During his stint as Agriculture CS, Bett reappointed Dr Nathaniel Arap Tum (now deceased) to the board of the Kenya Seed Company. Interestingly, Dr Tum was himself a former CEO of Kenya Seed, but was forced out in 2003 amid claims that in 2001 he had irregularly transferred ownership of the company to private hands. However, Dr Tum had fought the allegations in court and won, but his appointment still raised eyebrows.
The 2001 deal diluted the state’s shareholding in Kenya Seed through the Agricultural Development Corporation, with majority going to private owners, but the government reclaimed ownership of the firm in 2003.
During Kenyatta’s tenure, Kenya made great strides in the march towards Genetically Modified Organisms (GMO) crops, beginning with the approval of GM cotton, which he saw as the path to industrialisation. Besides the political goodwill, which was given right from State House, President Kenyatta also placed Prof Hamadi Boga, biotech scientist and an avowed supporter of GM technology, at the centre of the ministry as Principal Secretary.
Key officials at the department of industrialisation have also been instrumental in the GM push. Progress on GM maize has, however, not been made, with the train getting stuck at the trial stage.
As minister, Bett had to allay concerns that the government was opposed to research in the crops, saying there was a need to be sure of the impact of any research before it is cleared to proceed. “The research on GM maize was not stopped,” Bett said, even as he added that government was not satisfied with the way the Kenya Agricultural and Livestock Research Organisation (KALRO) and the African Agricultural Technology Foundation (AATF), which was spearheading the research, wanted to handle the process.
“This is what raised alarm over the field trials.
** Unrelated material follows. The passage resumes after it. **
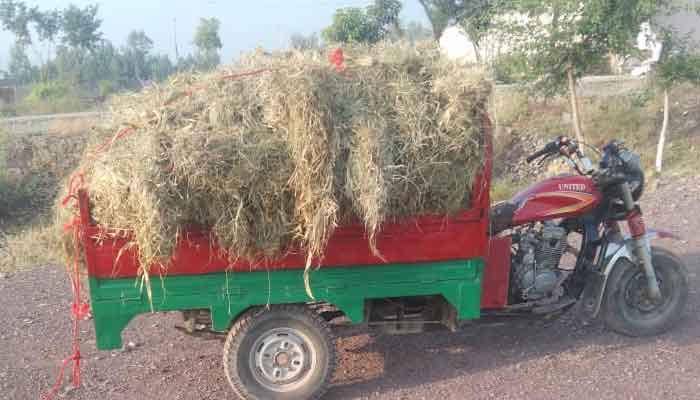 دہشتگرد نے بارودی مواد کو گھاس کے نیچے چھپائے رکھا تھا جسے خودکش حملے کے لیے استعمال کیا جانا تھا: ڈی پی اوباڑۃ۔ فوٹو فائل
Kenya has not reached that level as the government doubts there is a proper mechanism in place to prevent things like cross-pollination which can contaminate conventional maize,” Bett told journalists in 2017.
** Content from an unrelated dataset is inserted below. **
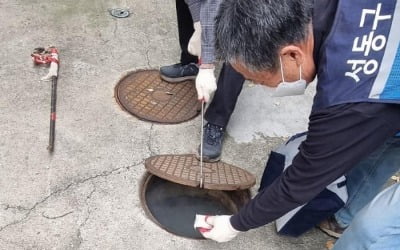 '모기 유충 겨울에 잡는다'…성동구, 월동 모기 퇴치 착수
His response came at a time when scientists were trying to convince the government to support GMO research in the country and lift the ban on consumption of locally produced GM crops.
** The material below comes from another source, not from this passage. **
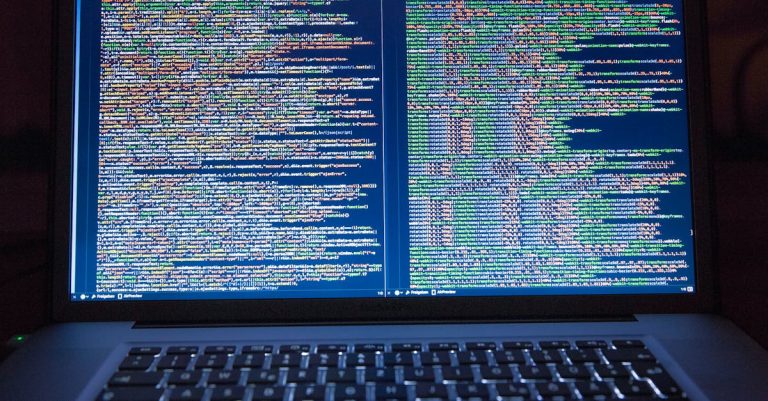 Les vulnérabilités web : comment s&rsquo;en prémunir ?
The GM maize varieties at KALRO’s Kitale and Kiboko confined field locations are resistant to the stem borer, which is responsible for up to 20 per cent of maize loss. The variety is also drought-tolerant, and scientists bet on it to combat Kenya’s dire food insecurity. Kenya in 2010 banned importation of GM products over health fears even though research has not found the food, which is consumed in many parts of the world, harmful.
Thus, besides his maize importation troubles, some pundits point to Bett’s unenthusiastic support of GM as another reason President Kenyatta was not keen on reappointing him in 2018. Whatever the case may be, there is no doubt, looking at Bett’s qualifications and experience, that he was a perfect pick for a sector he understood inside out. His failure to win reappointment in January 2018 denied the country a fuller evaluation of his contribution to President Kenyatta’s legacy and the country’s development.